The school originally had one teacher, one class of fourteen pupils of mixed ages, and met in a converted coach house. Miss Saunders, the first teacher, had been in her early thirties. Like many of her age and class, she faced a future of spinsterhood brightly and bravely, having lost her fiancé in 1916. School became her family, the class her children, and she devoted to their general and specific education a determination and imagination that won over the largely agricultural parents and pupils it was her lot to improve.

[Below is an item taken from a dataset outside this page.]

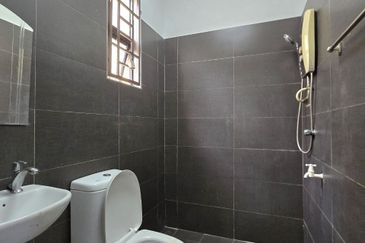 Taman Ampang Saujana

By chance, Miss Saunders was a proficient pianist whose skill had become increasingly accomplished in long hours of practice since the August of 1916. It was also coincidence that two of her pupils, the Mason twins, turned out to have perfect pitch and delightful tenor voices. Thus the Christmas school concerts attracted audiences well beyond the village. Mr De Weir, not a musical man, was happy to accept the congratulations and his career in local politics blossomed. When he became mayor he bestowed a musical endowment on the school, and a further award to be made available to support the artistic development of any truly exceptional pupil. The school’s place
in local musical education was secured.

The school had a heritage and one of which the governors were both jealous and proud. Octavia Anderson was their greatest achievement and on their anniversary they had been determined to show, or rather show off to, the world. Selecting Verdi’s
Requiem
was daring, a few said foolhardy. It was a challenging work for orchestra, choir and all the four soloists – soprano, mezzo-soprano, tenor and bass. Attracting Octavia Anderson to sing had been a coup, worth all the uncertainty of whether she would, finally, turn up.